Saturday, October 15, 2011

No. 964 – Atlantic City


Performer: Bruce Springsteen
Songwriter: Bruce Springsteen
Original Release: Nebraska
Year: 1982
Definitive Version: The studio version

When I went on my sojourn through the heartland in 1989, it seemed appropriate to bring along Nebraska: stark music for a stark countryside. And it was particularly stark in some places. By taking the back roads, I saw up close the effects of policy that benefited big corporate agriculture and why there was a need for Farm Aid.

In Iowa along one stretch, every third house had been abandoned, sometimes even more frequently. And the abandonment had been recent, because the houses still were in fairly decent condition with not too much overgrowth yet.

One house in particular compelled me. It was on an S curve where you bent around the white house. It was still in good shape, roof intact, no broken windows. It was nearly surrounded by tall, lush corn crops. It wasn’t the land that failed that farmer, that’s for sure.

When I was coming back from Colorado Springs, I made it a point to stop at the house and take a closer look to see what’s what. A door in the back was unlocked, and although the interior started to show wear and tear, and what I remember the most was how stifling it was upstairs where the hot air couldn’t escape.

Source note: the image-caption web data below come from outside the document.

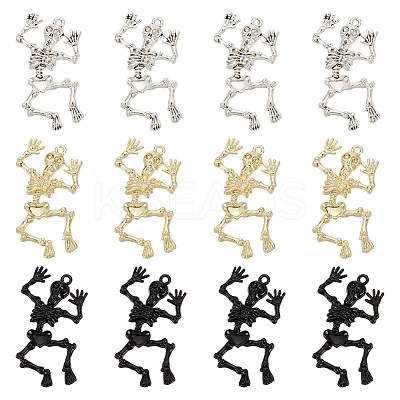 12Pcs 3 Colors Halloween Alloy Pendants FIND-OC0002-58-1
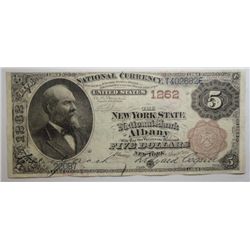 1882 $5 NATIONAL ALBANY, NY VF
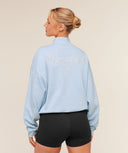 Script Embroidery Oversized Zip Through Chilled Blue - Unmatched Kicks - GYMSHARK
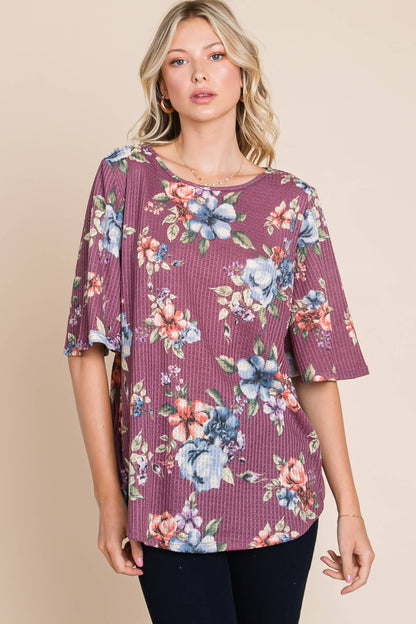 BOMBOM - FLORAL WAFFLE KNIT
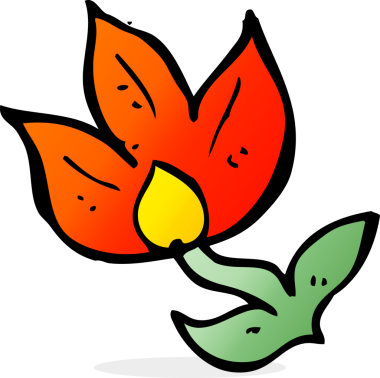 Bir insan tarafından çizilmiş karikatür çiçeği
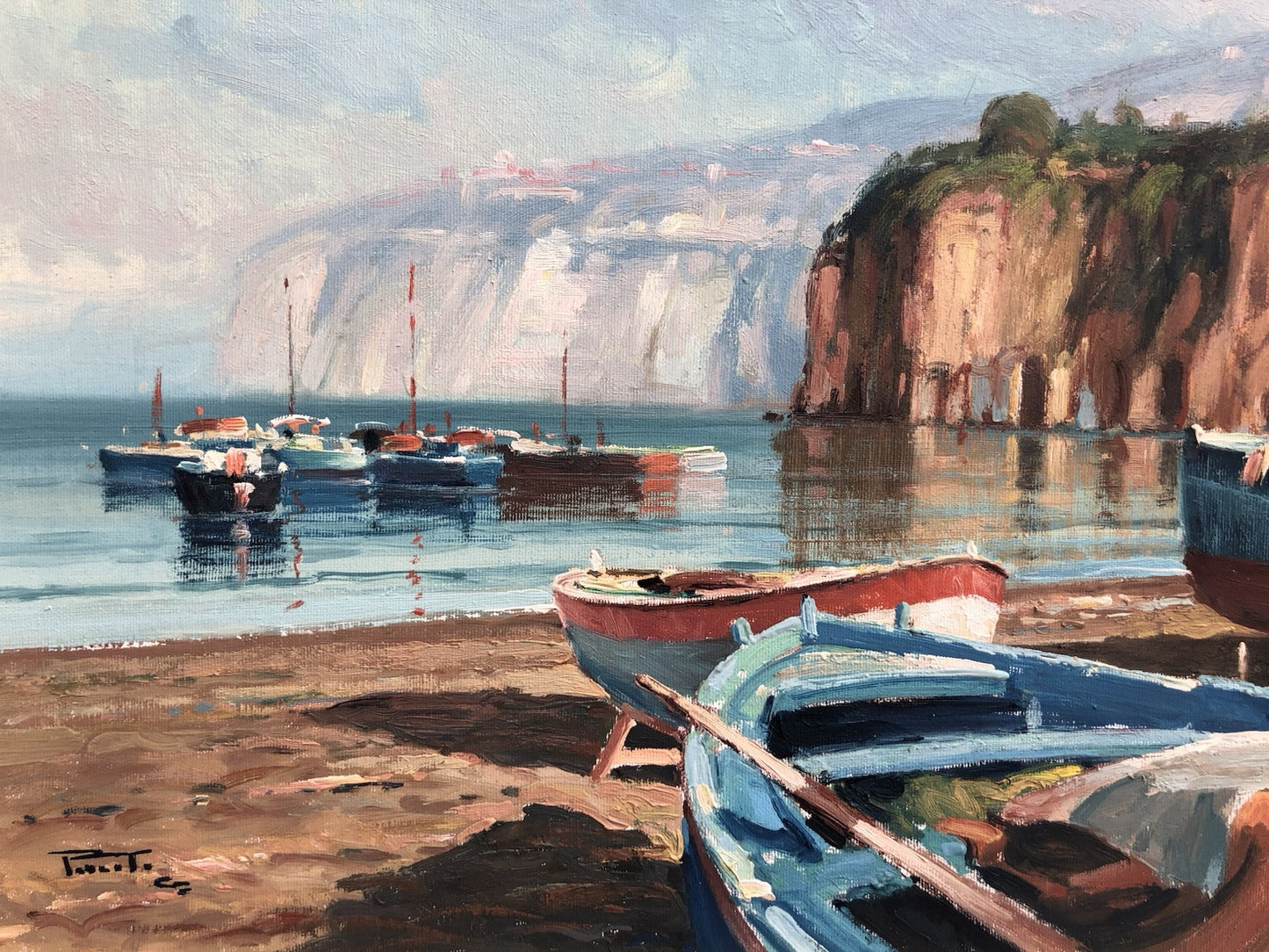 Quadro -Marina Con Barche- dipinto a olio su tela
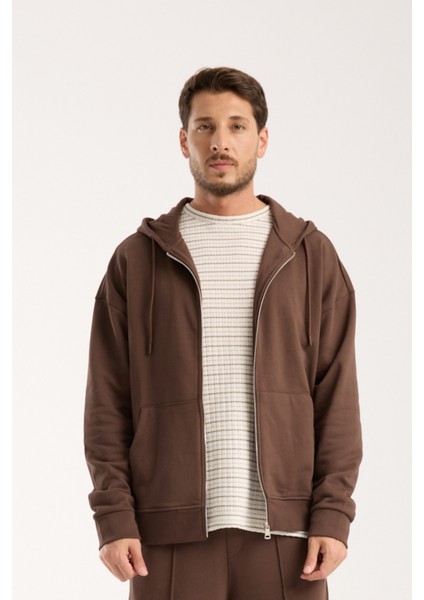 %100 Pamuk Erkek Oversize Fermuarlı Kapüşonlu Sweatshirt | Bol Kesim Hoodie fırsatları
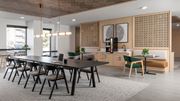 Vadnais Heights apartment for rent - A modern dining area with a long table and chairs.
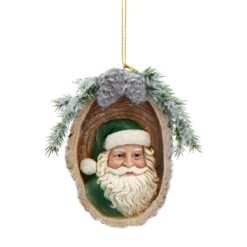 Kurt Adler Winter Green Santa Head Turned Ornament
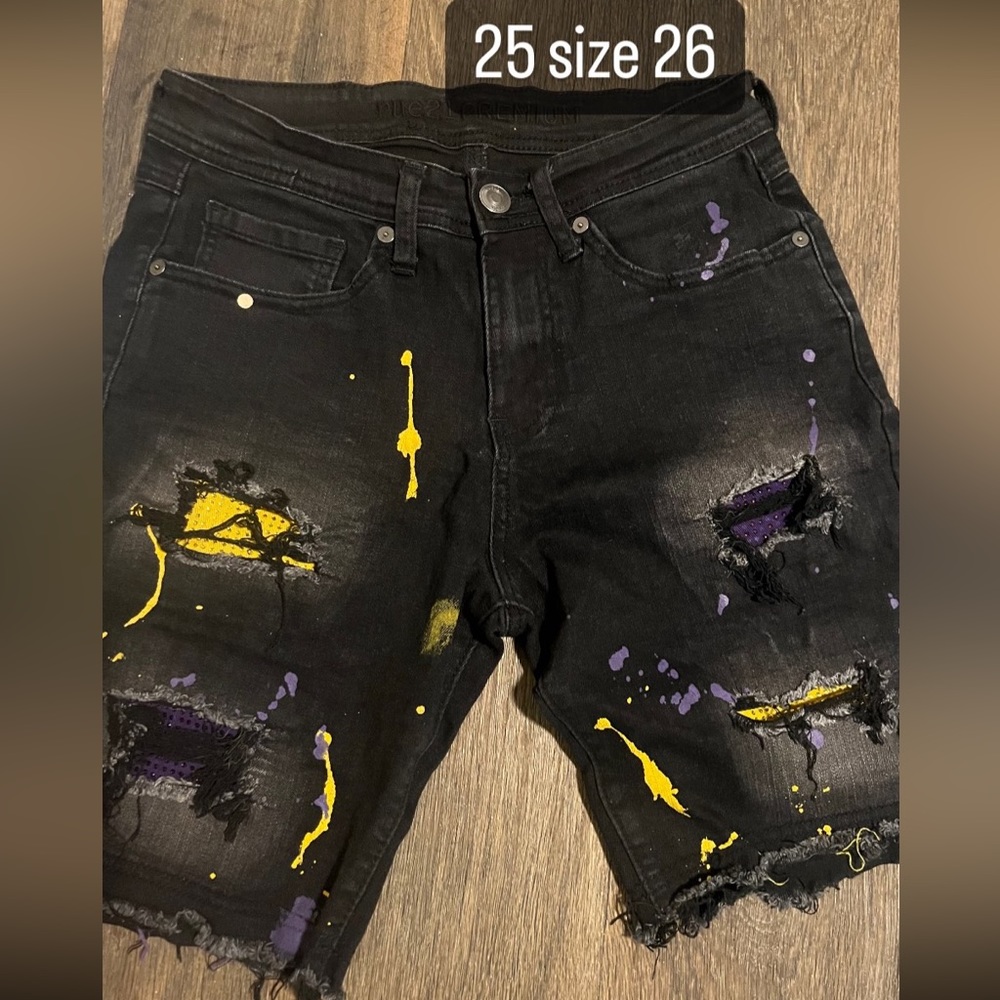 Black painted jean shorts rue21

Evidence of the family that until recently had lived there remained in bits and pieces, beyond the thin white drapes that still hung at each window hopefully awaiting the master’s return. My brother Scott had this Choo-choo train when he was a kid that would play basic tunes, such as Jingle Bells or Freres Jacques, in high-pitched screeching train whistles. Well, the yellow record from that train was lying on the floor in one of the bedrooms in the farmhouse. It was as if the family up and left so quickly that the kid (or the parents) there didn’t even have time to grab all of his or her train records.

I kept the record as an artifact and a reminder that although “maybe everything that dies some day comes back,” there was no going back for this family farm.